Bank losses from the implosion of Archegos Capital have surpassed $10bn, after Nomura reported a $2.9bn hit and suspended its head of prime brokerage, and UBS revealed a $861m loss from the debacle.
The collapse last month of the family office run by former hedge fund manager Bill Hwang is one of the most spectacular on Wall Street and has already resulted in losses of $5.4bn for Credit Suisse and $911m for Morgan Stanley.
Japanese megabanks MUFG and Mizuho are expected to report up to $390m of losses, while Goldman Sachs and Wells Fargo — two other banks that counted Archegos as a client of their prime brokerage divisions that service hedge funds — escaped from the fallout relatively unscathed.
The incident has led to recriminations at the eight banks known to have offered tens of billions of dollars of leverage to Archegos and prompted investigations about their risk controls from regulators in the US, UK and Switzerland. Executives at the banks have questioned whether Archegos was transparent enough in its dealings with the various counterparties, which ramped up their combined exposure.
Nomura’s total hit of $2.9bn from the implosion of Archegos, reported on Tuesday, was considerably greater than the approximately $2bn loss that Japan’s biggest brokerage initially flagged when the debacle first came to light in late March, and drove the bank to its biggest quarterly loss since the 2008 global financial crisis.
Two people close to Nomura said that, as a direct result of the Archegos incident, the company had indefinitely suspended Dougal Brech, its UK-based global head of the prime brokerage, the division that had nurtured Hwang as a client. Brech formerly worked at Credit Suisse.
The Japanese bank said on Tuesday that it was not planning any big strategic changes to the wholesale banking unit under which its prime brokerage business sits. It has pledged to fortify its risk management systems.
Meanwhile, Swiss bank UBS said on Tuesday it had lost $774m from trades linked to Hwang’s fund in the first three months of the year, and warned there would be a further $87m of Archegos-related losses in the second quarter, adding up to $861m in total. This marred an otherwise robust set of first-quarter earnings, with the bank’s net profits rising 14 per cent from a year earlier to $1.8bn.
Nomura’s losses left a $2.3bn dent in its profits for the financial year that closed on March 31. But the process of unwinding the Archegos positions, which Nomura said was 97 per cent complete, has created an additional loss of $570m that analysts said would hurt its performance in the quarter that ends in June.
They have revived questions over whether the Japanese bank’s efforts to pursue overseas growth have prompted it to embrace more risk than it can handle, given the relatively small scale of its operations in the US.
Nomura said on Tuesday that it had appointed Christopher Willcox, the former head of JPMorgan Asset Management, as the co-chief executive of its US unit.
With concerns swirling around whether other family offices have also been extended the scale of financing granted to Archegos, Nomura said in a presentation that accompanied the results that it had conducted a full review of existing prime brokerage transactions. “We . . . reviewed positions in other financing-related businesses confirming no other similar transactions,” the presentation said.
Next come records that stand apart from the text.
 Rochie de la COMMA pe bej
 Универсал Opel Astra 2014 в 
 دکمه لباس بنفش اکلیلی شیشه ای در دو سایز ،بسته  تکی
The net loss of ¥155.4bn ($1.4bn) for the January to March quarter shattered Nomura’s hopes for what was on course to be a record year of profits, driven in large part by a strong performance of its historically volatile US business.
Without the Archegos collapse, said investors, Nomura’s rebound in 2020 would have been a dream start for Kentaro Okuda. Its former investment banking head started as chief executive a year ago and was the company’s first leader drawn from outside the core domestic brokerage business.
Instead, Okuda’s first full-year results announcements began with an apology and a pledge to improve risk management.
Nomura’s net profits for the full year that ended in March were $1.4bn, down 29 per cent from fiscal 2019. Despite the hit to the wholesale business, full-year profits at Nomura’s retail and asset management segments grew 87 per cent and 158 per cent year on year, respectively.
Shunsaku Sato, a senior credit officer at rating agency Moody’s Japan, said those gains “highlighted the importance of profit contributions from the two segments in stabilising the company’s overall profitability”.